DrCacheSim Offline Trace Debugging

This page contains tips for troubleshooting issues when using the DrCacheSim tool's offline memory address traces.

Thread Interleaving Granularity

Each thread has a 32K buffer and when it fills up, or when a system call is about to be executed, the buffer is written out to a per-thread file with a header attached which has a timestamp and cpu identifier. Thus the thread interleaving and cpu scheduling can be reconstructed with a granularity of these buffers.

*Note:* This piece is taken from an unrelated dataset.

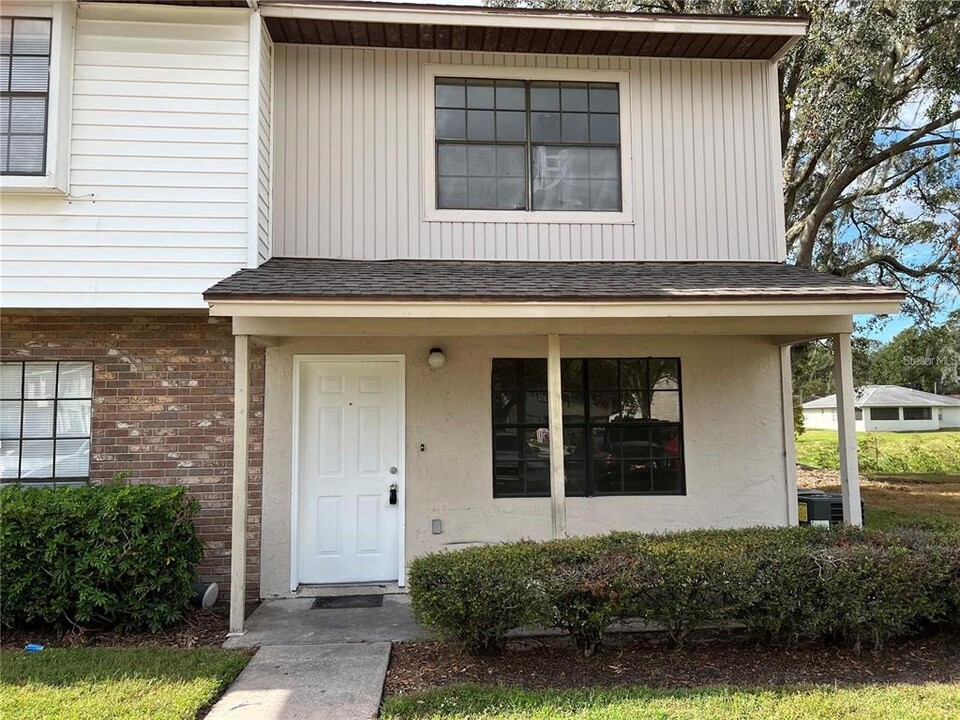 1416 Ridge Lake Ct in Lakeland, FL - Building Photo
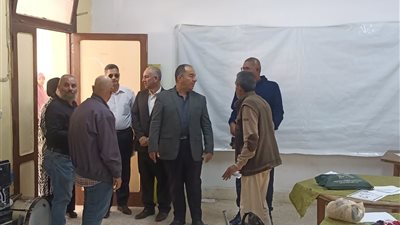 رئيس مدينة العريش يتفقد مقار التصويت لانتخابات مجلس النواب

Viewing binary trace files

Viewing raw, pre-processed files

Each offline_entry_t struct is 8 bytes, so it's easy to view the records as 8-byte entries:

$ od -t x8 -A x drmemtrace.simple_app.09291.0000.dir/raw/drmemtrace.simple_app.09291.0000.raw | tail
06ed10 200080080007c170 00007fd5a8a49700
06ed20 00007fd5a8a496a8 2000e0080007c187
06ed30 00007ffdee8cd0f8 00007ffdee8cd100
06ed40 00007ffdee8cd108 00007ffdee8cd110
06ed50 00007ffdee8cd118 200060080003c15b
06ed60 200040080003c164 00007ffdee8cd118
06ed70 2000a008000c1180 00007fd5a8a47e68
06ed80 20006008000c11b1 802e9f9036480c5d
06ed90 c100000000000000

Of course, if the raw file is compressed, it must first be uncompressed. Use unlz4 for lz4-compressed raw files.

Cheat sheet:

  • c040000000000004 is a header (offline version 4; type 0x40==OFFLINE_FILE_TYPE_ARCH_X86_64)
  • c100000000000000 is a footer
  • 8* is a timestamp
  • 6* is a pid
  • 4* is a tid
  • 2* are PC entries
  • a* is an arm iflush
  • c2* is a marker
  • c203* is a cpu id
  • c20a* is the cache line size
  • c212* is the page size
  • c200* is kernel event; c201* is kernel xfer

Viewing post-processed files

trace_entry_t is 12 bytes and is turned into memref_t by reader_t and its subclasses. To view the 12-byte entries I use od or hexdump to split into 6 2-byte entries and then combine the final 4 into an 8-byte little-endian field using awk:

$ zcat drmemtrace.tool.drcacheoff.burst_malloc.211917.2237.dir/trace/drmemtrace.tool.drcacheoff.burst_malloc.211917.8542.trace.gz | od -A x -t x2 -w12 | awk '{printf "%s | %s %s %s%s%s%s\n", $1, $2, $3, $7, $6, $5, $4}' | head
000000 | 0019 0000 0000000000000001
00000c | 0016 0004 0000000000033bcd
000018 | 0018 0004 0000000000033bcd
000024 | 001c 0002 002eff22e15562f3
000030 | 001c 0003 0000000000000000
00003c | 000a 0003 0000555ec5db2e40
000048 | 0000 0004 00007ffed4b546ac

The printed columns are "offset | type size addr". Type cheat sheet (from trace_type_t enum):

  • 0x19 header
  • 0x16 thread
  • 0x18 pid
  • 0x1c marker: 2=timestamp; 3=cpuid; 0xc=version; 9=filetype
  • 0x0a instr (non-cti)
  • 0x0e direct call
  • 0x00 load
  • 0x01 store
  • 0x1d non-fetched instr
  • 0x1a footer
  • 0x2f instr encoding

type_is_instr: 0xa-0x10 + 0x1e

For .zip files, the data is split into the component files within the archive, in order. Each component repeats enough information (the final timestamp + cpu from the prior chunk, instruction encodings, etc.) to avoid having to examing prior chunks. Extract each component file in turn to view the data. For example:

$ unzip -p drmemtrace.app.194439.1516.dir/trace/drmemtrace.app.194439.7393.trace.zip chunk.0000 | hexdump -v -e '"%010_ax | " 6/2 "%04x " "\n"' | awk '{printf "%s %s %s %s %s%s%s%s\n", $1, $2, $3, $4, $8, $7, $6, $5}' | head -3
0000000000 | 0019 0000 0000000000000004
000000000c | 001c 000c 0000000000000004
0000000018 | 001c 0009 0000000000000040

Viewing instruction disassembly

You can use the view analysis tool with skip_refs and sim_refs parameters to select a window, or for small traces you can re-post-process with drraw2trace with high verbosity (-verbose 4 is good).